Imagine you are writing a complex program and something breaks. You want to go back to yesterday's working version, but you only have one copy of the files. Or you are working with a teammate and you both edit the same file simultaneously — whose changes win? Version control solves both problems.
What is Version Control?
A version control system (VCS) records changes to a set of files over time. It gives you:
- History: See every change ever made, who made it, and why.
- Revert: Undo mistakes by rolling back to any previous state.
- Collaboration: Multiple people work on the same codebase simultaneously without overwriting each other.
- Branching: Work on a new feature in isolation, then merge it back when ready.
- Audit trail: Know exactly when a bug was introduced and by which commit.
Centralised vs Distributed VCS
| Centralised (e.g. SVN) | Distributed (e.g. Git) | |
|---|---|---|
| Repository location | Single server | Every developer has a full copy |
| Offline work | Limited — needs server | Full history available offline |
| Single point of failure | Yes — server goes down, work stops | No — any copy can restore the project |
| Speed | Slower (network required for most ops) | Fast (most ops are local) |
| Branching | Heavy — copies directory trees | Lightweight — just a pointer |
Git's History
Git was created by Linus Torvalds in April 2005 — in just a few weeks — after the Linux kernel project lost access to its proprietary VCS, BitKeeper. Torvalds had specific requirements:
- Speed
- Simple design
- Strong support for non-linear development (thousands of parallel branches)
- Fully distributed
- Able to handle large projects efficiently
Git met all of these. By 2010 it had become the dominant VCS in the open-source world, and today it is used by effectively every software team on the planet.
How Git Stores Data
Unlike older VCS tools that store file diffs (what changed between versions), Git stores snapshots of the entire project at each commit. If a file has not changed, Git stores a reference to the previous identical file — not a copy. This makes most operations instant because Git just compares checksums.

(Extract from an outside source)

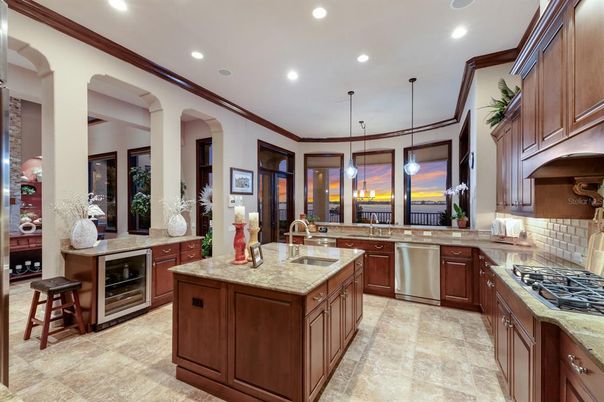Interior, Kitchen, Pendant Lights, Recessed Lighting, Stainless Steel Appliances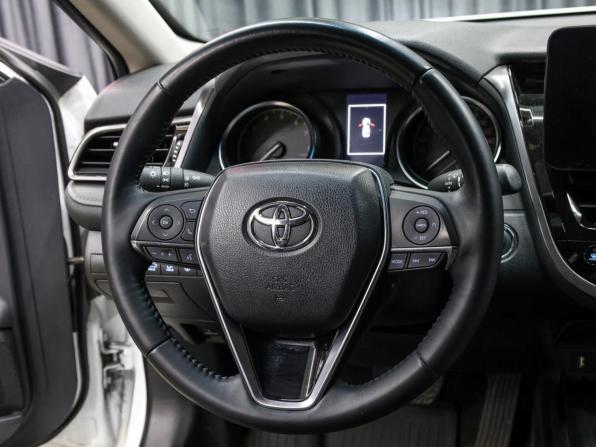 Toyota Camry VIII (XV70) Рестайлинг с пробегом 2022 года, цена 3 227 000 рублей, 80448 км, седан, Автокод Объявления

Every object in Git is identified by a SHA-1 hash (a 40-character hexadecimal string). This means Git can detect any corruption: if a single byte changes, the hash changes and Git knows something is wrong.
The Three Areas of Git
Understanding these three areas is the mental model that makes everything else in Git click:
| Area | Also called | What it holds |
|---|---|---|
| Working tree | Working directory | Your actual files on disk — what you see in your editor |
| Staging area | Index | A preview of your next commit — files you have git add-ed |
| Repository | .git directory | The permanent record of all commits, branches, and history |
The typical flow is: edit files in the working tree → stage changes you want to include → commit the staged snapshot to the repository. This two-step process (add then commit) lets you craft precise commits from a messy set of changes.
Git vs GitHub
These are not the same thing:
- Git is the command-line tool and the version control system itself. It runs on your machine.
- GitHub is a web platform that hosts Git repositories. It adds collaboration features: pull requests, code review, issues, Actions (CI/CD), and more.
Alternatives to GitHub for hosting Git repositories include GitLab, Bitbucket, and Gitea (self-hosted). They all use the same underlying Git protocol.